» Your task: Copy exactly the lines of the data below, beginning with the line with "9783540033523: Pseudo-Boolean Programming" and ending with the line with "Because Weed |". Pictures are to be omitted.

» Web page caption snippets:
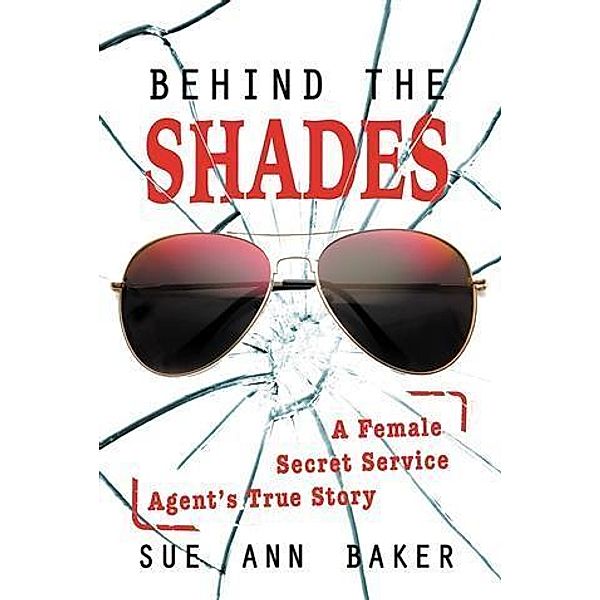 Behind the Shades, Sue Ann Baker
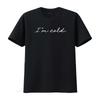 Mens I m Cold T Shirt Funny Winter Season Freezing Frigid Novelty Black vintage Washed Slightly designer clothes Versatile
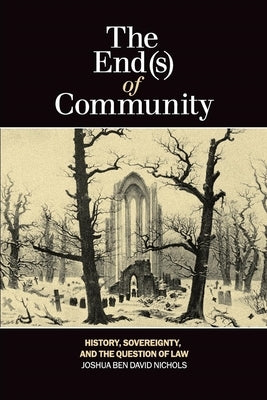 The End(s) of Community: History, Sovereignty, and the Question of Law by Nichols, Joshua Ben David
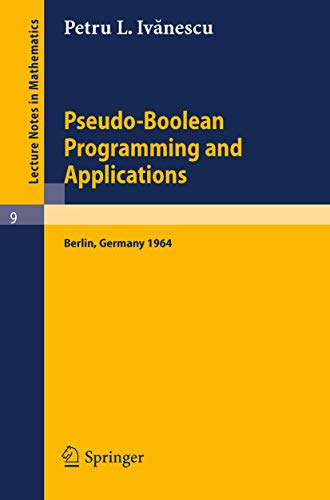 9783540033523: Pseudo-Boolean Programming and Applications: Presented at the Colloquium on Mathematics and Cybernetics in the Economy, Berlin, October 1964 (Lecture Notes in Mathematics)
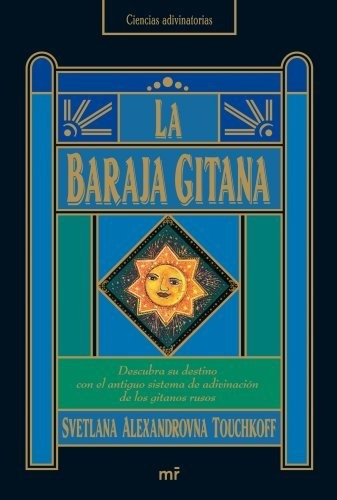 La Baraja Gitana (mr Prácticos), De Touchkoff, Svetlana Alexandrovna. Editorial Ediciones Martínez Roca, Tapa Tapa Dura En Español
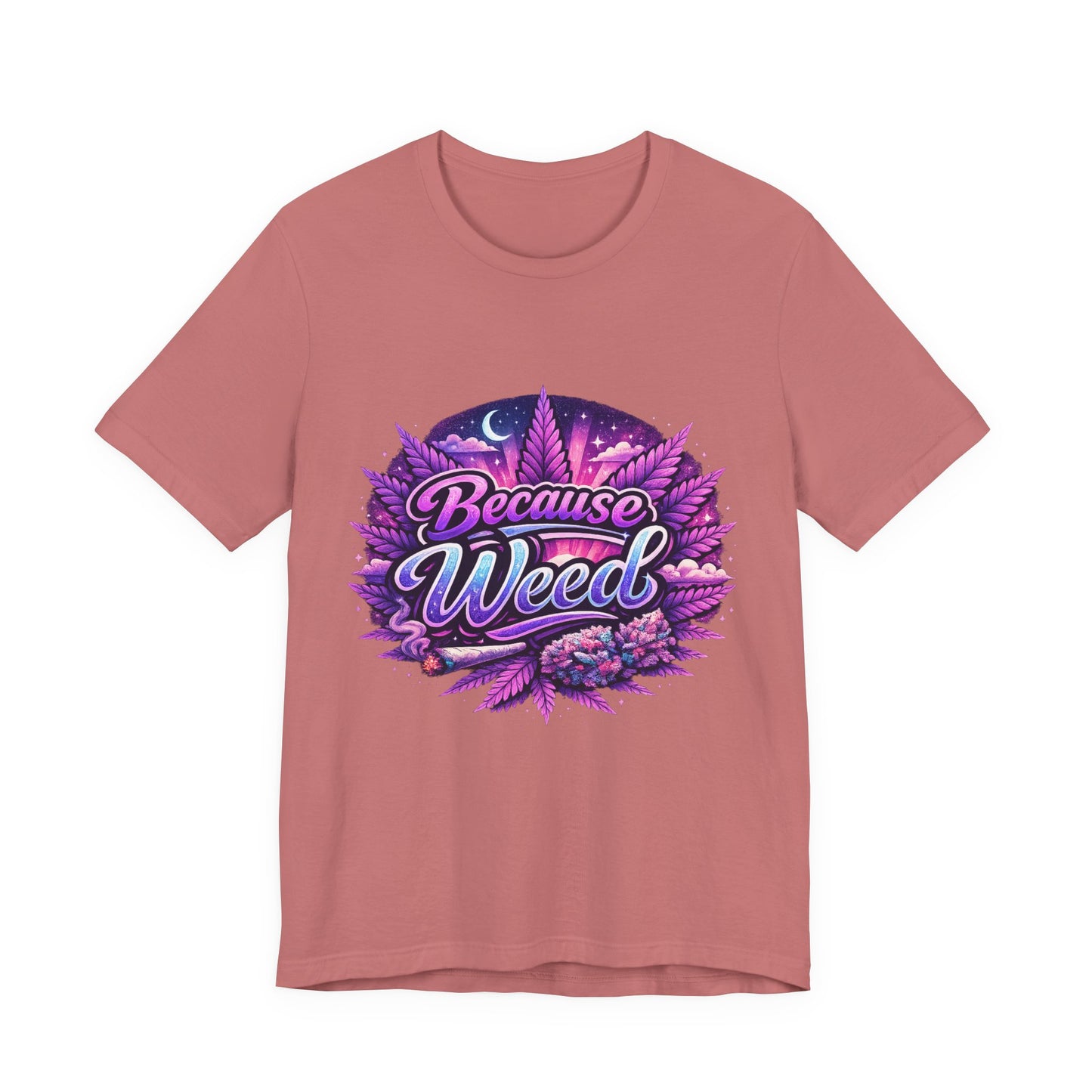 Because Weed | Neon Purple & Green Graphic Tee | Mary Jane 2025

...

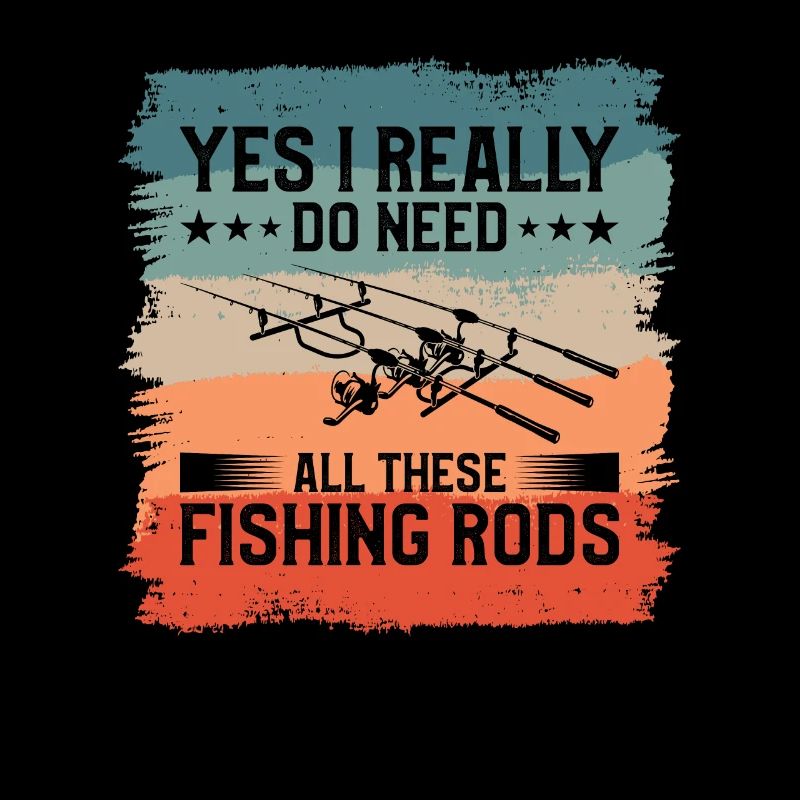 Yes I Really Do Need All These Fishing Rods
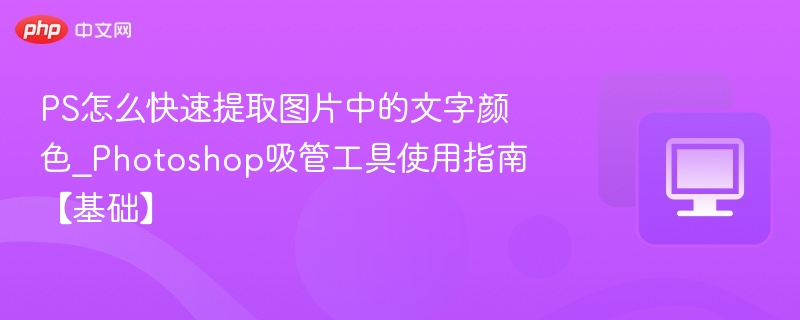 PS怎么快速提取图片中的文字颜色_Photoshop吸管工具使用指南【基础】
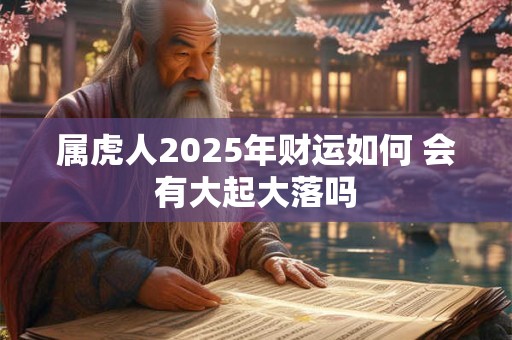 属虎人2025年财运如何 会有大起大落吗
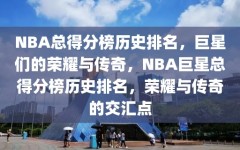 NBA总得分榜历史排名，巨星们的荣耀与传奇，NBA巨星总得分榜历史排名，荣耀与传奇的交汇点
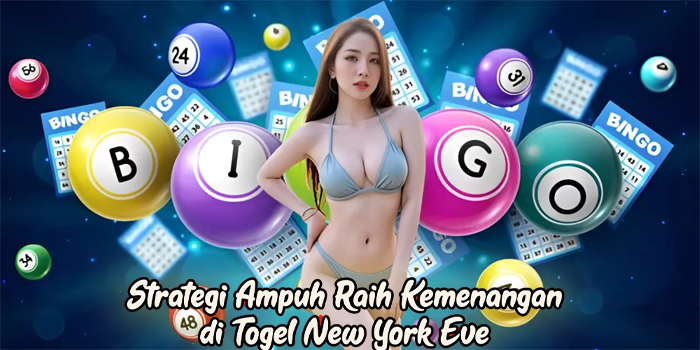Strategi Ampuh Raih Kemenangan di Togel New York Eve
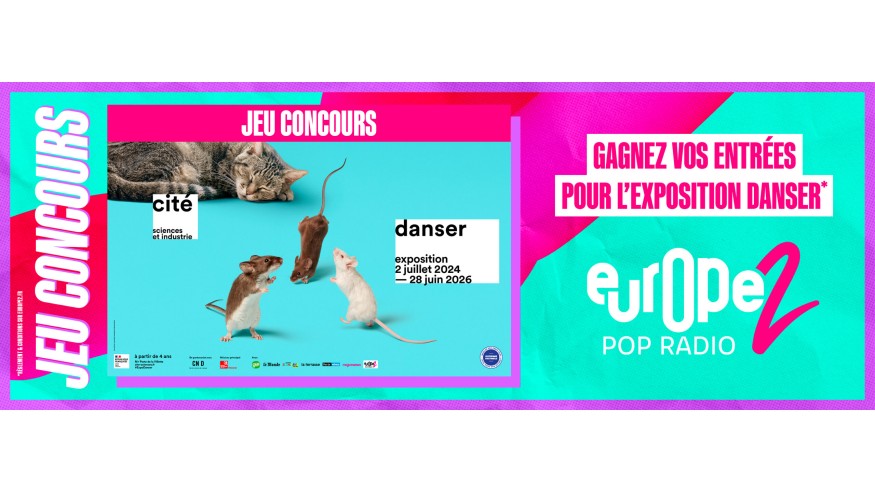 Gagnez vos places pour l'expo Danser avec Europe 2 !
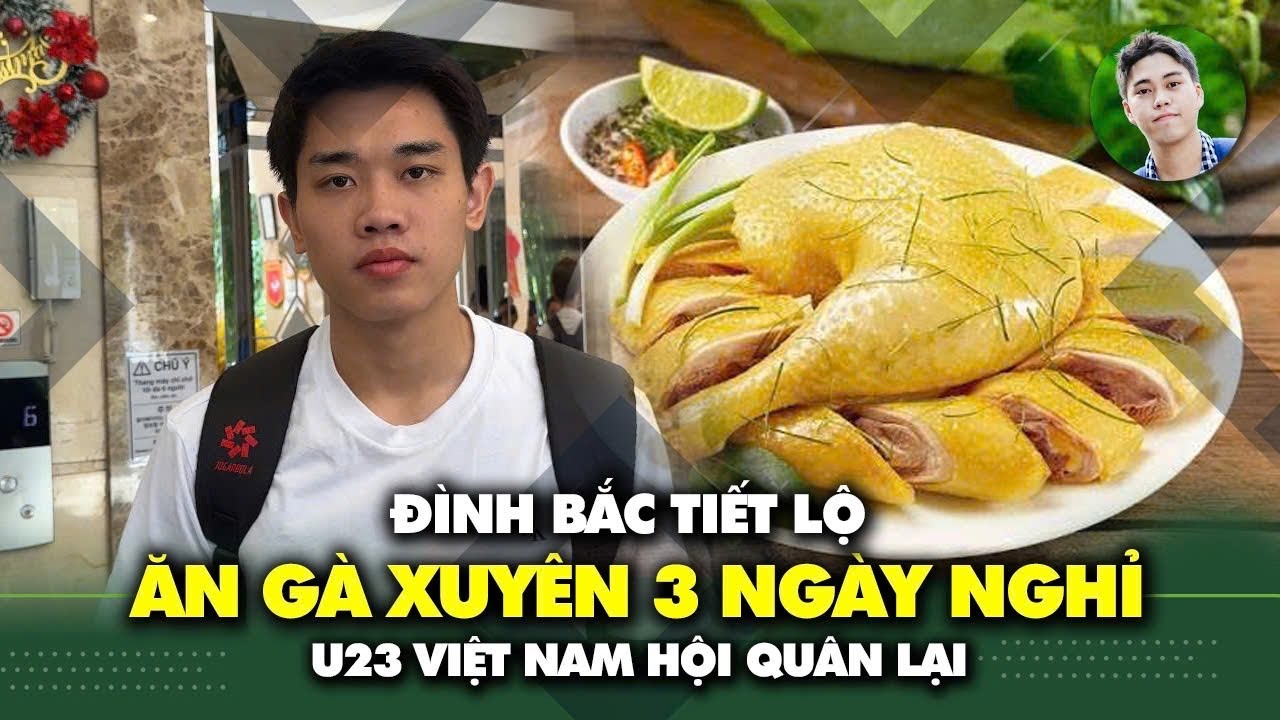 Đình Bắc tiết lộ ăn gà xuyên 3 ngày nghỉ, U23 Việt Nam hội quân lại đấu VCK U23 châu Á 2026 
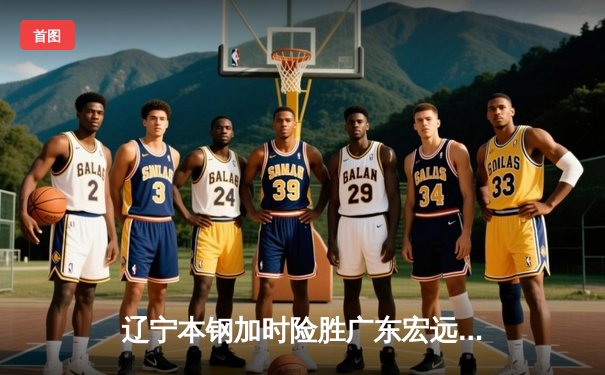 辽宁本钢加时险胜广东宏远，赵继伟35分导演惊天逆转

» Answer box:
 9783540033523: Pseudo-Boolean Programming and Applications: Presented at the Colloquium on Mathematics and Cybernetics in the Economy, Berlin, October 1964 (Lecture Notes in Mathematics)
 La Baraja Gitana (mr Prácticos), De Touchkoff, Svetlana Alexandrovna. Editorial Ediciones Martínez Roca, Tapa Tapa Dura En Español
 Because Weed | Neon Purple & Green Graphic Tee | Mary Jane 2025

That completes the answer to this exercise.